PROBLEM: The full listing is to be returned exactly as given, but without pictures.
---- GIVEN MATERIAL
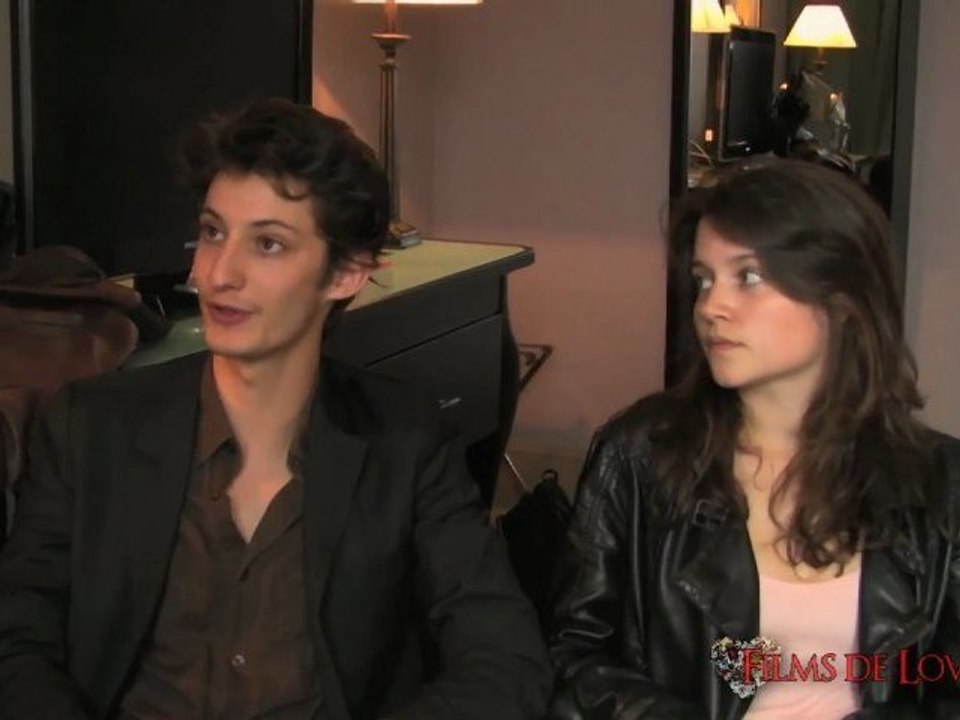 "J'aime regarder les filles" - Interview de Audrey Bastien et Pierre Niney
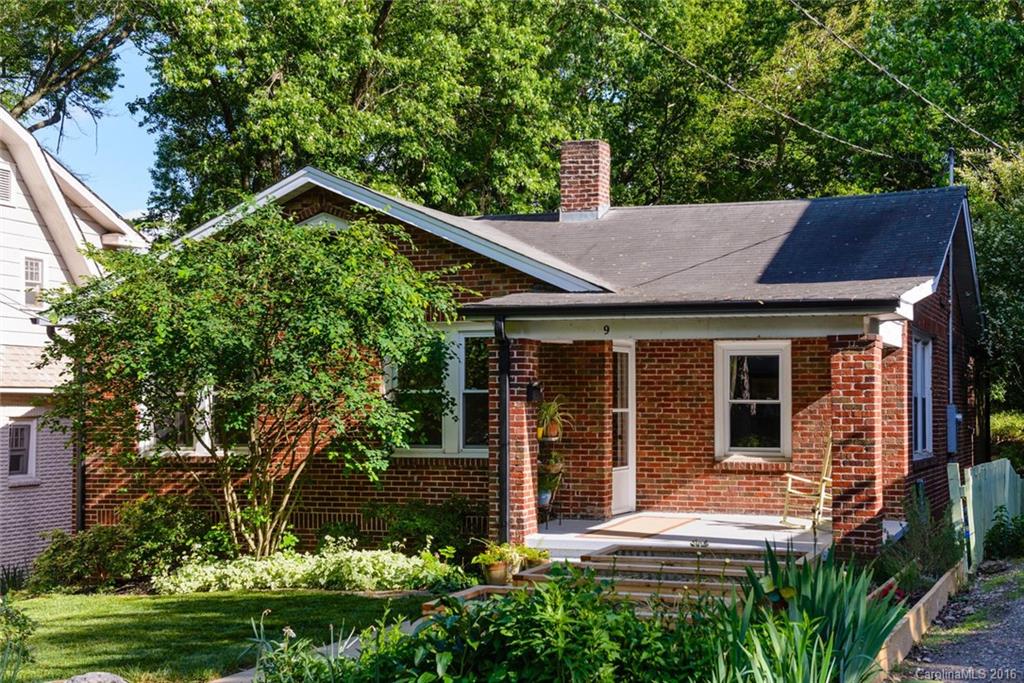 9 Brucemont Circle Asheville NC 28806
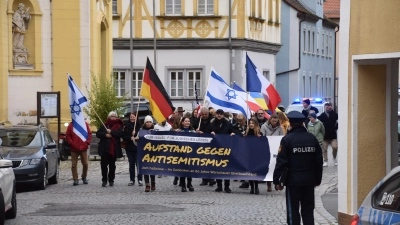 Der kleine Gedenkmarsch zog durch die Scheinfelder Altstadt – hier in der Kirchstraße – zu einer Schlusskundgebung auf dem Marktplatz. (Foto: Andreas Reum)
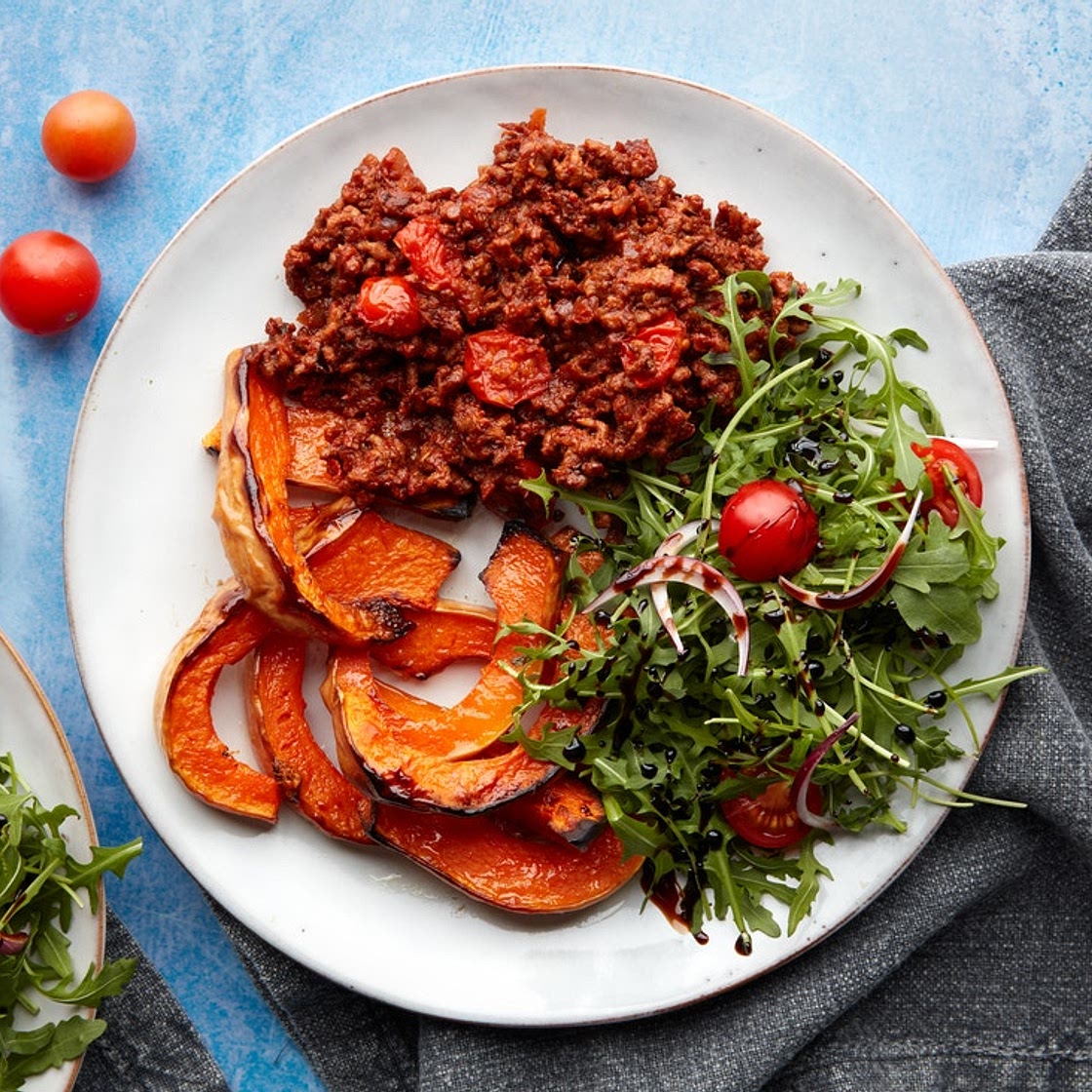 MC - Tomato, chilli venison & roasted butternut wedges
--------
ANSWER TO THIS EXERCISE:
 "J'aime regarder les filles" - Interview de Audrey Bastien et Pierre Niney
 9 Brucemont Circle Asheville NC 28806
 Der kleine Gedenkmarsch zog durch die Scheinfelder Altstadt – hier in der Kirchstraße – zu einer Schlusskundgebung auf dem Marktplatz. (Foto: Andreas Reum)
 MC - Tomato, chilli venison & roasted butternut wedges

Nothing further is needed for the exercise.